The distinction between probability and likelihood is fundamentally important: Probability attaches to possible results; likelihood attaches to hypotheses. Explaining this distinction is the purpose of this first column.

Possible results are mutually exclusive and exhaustive. Suppose we ask a subject to predict the outcome of each of 10 tosses of a coin. There are only 11 possible results (0 to 10 correct predictions). The actual result will always be one and only one of the possible results. Thus, the probabilities that attach to the possible results must sum to 1.

Hypotheses, unlike results, are neither mutually exclusive nor exhaustive. Suppose that the first subject we test predicts 7 of the 10 outcomes correctly. I might hypothesize that the subject just guessed, and you might hypothesize that the subject may be somewhat clairvoyant, by which you mean that the subject may be expected to correctly predict the results at slightly greater than chance rates over the long run. These are different hypotheses, but they are not mutually exclusive, because you hedged when you said “may be.” You thereby allowed your hypothesis to include mine. In technical terminology, my hypothesis is nested within yours. Someone else might hypothesize that the subject is strongly clairvoyant and that the observed result underestimates the probability that her next prediction will be correct. Another person could hypothesize something else altogether. There is no limit to the hypotheses one might entertain.

The set of hypotheses to which we attach likelihoods is limited by our capacity to dream them up. In practice, we can rarely be confident that we have imagined all the possible hypotheses. Our concern is to estimate the extent to which the experimental results affect the relative likelihood of the hypotheses we and others currently entertain. Because we generally do not entertain the full set of alternative hypotheses and because some are nested within others, the likelihoods that we attach to our hypotheses do not have any meaning in and of themselves; only the relative likelihoods  — that is, the ratios of two likelihoods — have meaning.
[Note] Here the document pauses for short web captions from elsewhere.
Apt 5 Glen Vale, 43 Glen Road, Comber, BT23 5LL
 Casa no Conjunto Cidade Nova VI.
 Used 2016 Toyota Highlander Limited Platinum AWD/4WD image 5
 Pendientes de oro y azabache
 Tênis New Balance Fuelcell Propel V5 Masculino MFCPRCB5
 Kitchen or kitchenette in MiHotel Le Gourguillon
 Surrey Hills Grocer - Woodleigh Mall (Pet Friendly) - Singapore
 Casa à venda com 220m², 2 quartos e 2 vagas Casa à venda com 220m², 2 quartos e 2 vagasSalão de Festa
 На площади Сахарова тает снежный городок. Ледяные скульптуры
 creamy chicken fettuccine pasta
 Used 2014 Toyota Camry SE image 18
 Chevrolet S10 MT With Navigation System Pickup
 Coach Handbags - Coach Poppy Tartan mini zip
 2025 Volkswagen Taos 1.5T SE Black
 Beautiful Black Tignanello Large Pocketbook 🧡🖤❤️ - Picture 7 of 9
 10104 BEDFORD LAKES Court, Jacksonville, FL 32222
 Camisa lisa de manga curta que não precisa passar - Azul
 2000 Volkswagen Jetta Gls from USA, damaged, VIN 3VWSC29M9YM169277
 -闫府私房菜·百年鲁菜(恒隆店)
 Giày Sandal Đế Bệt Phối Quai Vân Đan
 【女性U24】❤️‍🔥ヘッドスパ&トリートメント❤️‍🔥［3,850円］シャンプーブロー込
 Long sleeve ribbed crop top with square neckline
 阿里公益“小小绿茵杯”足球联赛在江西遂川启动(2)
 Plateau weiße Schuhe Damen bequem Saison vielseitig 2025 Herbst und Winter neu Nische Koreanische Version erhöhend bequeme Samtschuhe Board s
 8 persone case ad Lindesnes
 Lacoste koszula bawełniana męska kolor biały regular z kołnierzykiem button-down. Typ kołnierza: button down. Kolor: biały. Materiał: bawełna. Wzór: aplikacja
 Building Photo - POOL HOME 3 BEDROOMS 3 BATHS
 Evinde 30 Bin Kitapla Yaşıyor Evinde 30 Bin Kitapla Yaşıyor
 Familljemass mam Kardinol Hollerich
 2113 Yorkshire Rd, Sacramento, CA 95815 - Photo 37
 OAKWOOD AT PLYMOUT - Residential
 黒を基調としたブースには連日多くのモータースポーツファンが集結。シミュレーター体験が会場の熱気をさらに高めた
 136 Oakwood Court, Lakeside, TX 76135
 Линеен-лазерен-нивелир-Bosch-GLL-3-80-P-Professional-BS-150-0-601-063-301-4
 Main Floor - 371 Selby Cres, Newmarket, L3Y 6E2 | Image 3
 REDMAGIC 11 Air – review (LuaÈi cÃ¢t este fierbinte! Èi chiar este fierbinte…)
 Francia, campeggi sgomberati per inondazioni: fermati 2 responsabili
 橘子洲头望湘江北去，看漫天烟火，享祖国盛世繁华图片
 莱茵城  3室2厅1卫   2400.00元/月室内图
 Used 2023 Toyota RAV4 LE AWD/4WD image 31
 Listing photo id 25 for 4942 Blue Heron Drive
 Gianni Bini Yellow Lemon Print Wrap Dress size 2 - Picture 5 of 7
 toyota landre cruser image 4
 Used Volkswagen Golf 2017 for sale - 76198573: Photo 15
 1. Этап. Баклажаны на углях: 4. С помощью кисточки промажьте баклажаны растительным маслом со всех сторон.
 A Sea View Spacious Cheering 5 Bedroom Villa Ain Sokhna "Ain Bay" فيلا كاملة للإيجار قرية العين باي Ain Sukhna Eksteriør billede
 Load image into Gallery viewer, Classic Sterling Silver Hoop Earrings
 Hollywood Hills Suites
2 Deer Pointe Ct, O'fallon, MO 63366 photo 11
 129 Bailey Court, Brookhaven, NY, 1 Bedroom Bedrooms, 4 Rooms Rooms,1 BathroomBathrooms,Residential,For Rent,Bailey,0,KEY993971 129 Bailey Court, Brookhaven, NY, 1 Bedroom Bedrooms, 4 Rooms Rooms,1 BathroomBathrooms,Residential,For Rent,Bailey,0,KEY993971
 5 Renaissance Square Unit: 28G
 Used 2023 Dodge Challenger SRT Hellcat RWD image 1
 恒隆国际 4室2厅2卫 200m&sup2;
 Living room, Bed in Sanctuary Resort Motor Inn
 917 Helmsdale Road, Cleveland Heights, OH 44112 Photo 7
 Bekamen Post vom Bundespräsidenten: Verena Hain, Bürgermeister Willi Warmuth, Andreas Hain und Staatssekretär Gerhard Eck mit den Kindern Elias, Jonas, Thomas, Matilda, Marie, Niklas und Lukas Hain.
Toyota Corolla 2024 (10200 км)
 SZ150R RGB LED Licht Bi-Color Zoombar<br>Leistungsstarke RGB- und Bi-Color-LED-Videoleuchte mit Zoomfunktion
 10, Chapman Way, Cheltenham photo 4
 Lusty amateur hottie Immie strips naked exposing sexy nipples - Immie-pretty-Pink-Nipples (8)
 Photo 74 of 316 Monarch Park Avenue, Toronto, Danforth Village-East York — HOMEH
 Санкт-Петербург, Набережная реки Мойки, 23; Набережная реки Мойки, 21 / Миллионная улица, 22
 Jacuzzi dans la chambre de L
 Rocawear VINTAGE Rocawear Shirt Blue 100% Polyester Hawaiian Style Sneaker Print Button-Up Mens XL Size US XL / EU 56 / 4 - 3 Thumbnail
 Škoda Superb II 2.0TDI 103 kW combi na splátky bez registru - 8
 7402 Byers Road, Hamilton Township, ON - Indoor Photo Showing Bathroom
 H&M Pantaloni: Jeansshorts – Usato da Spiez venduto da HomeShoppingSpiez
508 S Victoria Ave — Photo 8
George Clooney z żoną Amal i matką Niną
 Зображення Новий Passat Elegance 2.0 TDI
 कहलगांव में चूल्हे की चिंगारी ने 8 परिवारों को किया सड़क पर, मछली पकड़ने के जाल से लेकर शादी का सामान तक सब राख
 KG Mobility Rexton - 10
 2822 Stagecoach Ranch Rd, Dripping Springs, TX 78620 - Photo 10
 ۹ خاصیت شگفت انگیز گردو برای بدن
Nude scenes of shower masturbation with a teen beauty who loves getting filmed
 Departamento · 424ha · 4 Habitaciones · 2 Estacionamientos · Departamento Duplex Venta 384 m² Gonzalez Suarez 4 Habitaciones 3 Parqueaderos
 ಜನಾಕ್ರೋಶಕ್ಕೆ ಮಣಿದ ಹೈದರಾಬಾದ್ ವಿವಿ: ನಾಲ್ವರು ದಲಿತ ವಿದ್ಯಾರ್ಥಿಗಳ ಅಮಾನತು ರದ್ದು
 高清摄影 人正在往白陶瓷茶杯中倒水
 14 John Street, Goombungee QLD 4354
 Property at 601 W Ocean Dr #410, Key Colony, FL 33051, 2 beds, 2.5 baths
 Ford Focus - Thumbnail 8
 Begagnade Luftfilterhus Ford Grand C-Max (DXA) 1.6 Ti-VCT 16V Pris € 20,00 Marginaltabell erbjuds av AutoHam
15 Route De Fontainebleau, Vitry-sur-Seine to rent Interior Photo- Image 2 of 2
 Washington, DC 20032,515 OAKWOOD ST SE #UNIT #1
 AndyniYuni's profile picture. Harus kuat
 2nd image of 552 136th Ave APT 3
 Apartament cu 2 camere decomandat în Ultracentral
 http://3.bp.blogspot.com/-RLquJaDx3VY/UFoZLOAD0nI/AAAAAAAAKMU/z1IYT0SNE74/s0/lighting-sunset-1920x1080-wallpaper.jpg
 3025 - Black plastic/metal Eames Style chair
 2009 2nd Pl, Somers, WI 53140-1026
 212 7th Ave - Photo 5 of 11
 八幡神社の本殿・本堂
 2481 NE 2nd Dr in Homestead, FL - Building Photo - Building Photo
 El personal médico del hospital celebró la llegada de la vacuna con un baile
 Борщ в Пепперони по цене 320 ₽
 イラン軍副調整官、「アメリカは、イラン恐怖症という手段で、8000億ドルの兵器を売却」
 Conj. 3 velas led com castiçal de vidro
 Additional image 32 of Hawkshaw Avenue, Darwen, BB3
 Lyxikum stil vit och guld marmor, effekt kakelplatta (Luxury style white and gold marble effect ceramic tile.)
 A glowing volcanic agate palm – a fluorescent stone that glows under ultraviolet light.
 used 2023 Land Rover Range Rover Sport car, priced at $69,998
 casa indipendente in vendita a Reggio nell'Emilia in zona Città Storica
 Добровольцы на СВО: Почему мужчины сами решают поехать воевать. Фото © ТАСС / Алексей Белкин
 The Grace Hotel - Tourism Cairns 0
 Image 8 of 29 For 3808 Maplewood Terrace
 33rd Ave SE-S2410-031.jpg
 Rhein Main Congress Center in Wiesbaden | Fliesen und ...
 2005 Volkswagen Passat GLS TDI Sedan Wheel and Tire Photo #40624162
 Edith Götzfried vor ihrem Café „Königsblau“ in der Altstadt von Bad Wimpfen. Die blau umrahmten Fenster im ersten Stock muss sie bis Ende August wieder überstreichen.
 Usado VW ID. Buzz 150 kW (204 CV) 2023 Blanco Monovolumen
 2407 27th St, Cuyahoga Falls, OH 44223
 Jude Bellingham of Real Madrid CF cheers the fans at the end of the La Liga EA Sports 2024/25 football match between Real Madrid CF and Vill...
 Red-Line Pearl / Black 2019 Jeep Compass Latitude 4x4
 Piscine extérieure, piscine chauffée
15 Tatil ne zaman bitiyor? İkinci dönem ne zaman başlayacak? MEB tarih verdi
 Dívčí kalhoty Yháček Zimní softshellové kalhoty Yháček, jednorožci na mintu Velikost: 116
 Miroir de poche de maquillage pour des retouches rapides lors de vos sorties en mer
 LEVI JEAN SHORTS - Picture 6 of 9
Presidential_Column_FIGURE

Figure 1. The binomial probability distribution function, given 10 tries at p = .5 (top panel), and the binomial likelihood function, given 7 successes in 10 tries (bottom panel). Both panels were computed using the binopdf function. In the upper panel, I varied the possible results; in the lower, I varied the values of the p parameter. The probability distribution function is discrete because there are only 11 possible experimental results (hence, a bar plot). By contrast, the likelihood function is continuous because the probability parameter p can take on any of the infinite values between 0 and 1. The probabilities in the top plot sum to 1, whereas the integral of the continuous likelihood function in the bottom panel is much less than 1; that is, the likelihoods do not sum to 1.

Using the Same Function ‘Forwards’ and ‘Backwards’

The difference between probability and likelihood becomes clear when one uses the probability distribution function in general-purpose programming languages. In the present case, the function we want is the binomial distribution function. It is called BINOM.DIST in the most common spreadsheet software and binopdf in the language I use. It has three input arguments: the number of successes, the number of tries, and the probability of a success.

When one uses it to compute probabilities, one assumes that the latter two arguments (number of tries and the probability of success) are given. They are the parameters of the distribution. One varies the first argument (the different possible numbers of successes) in order to find the probabilities that attach to those different possible results (top panel of Figure 1). Regardless of the given parameter values, the probabilities always sum to 1.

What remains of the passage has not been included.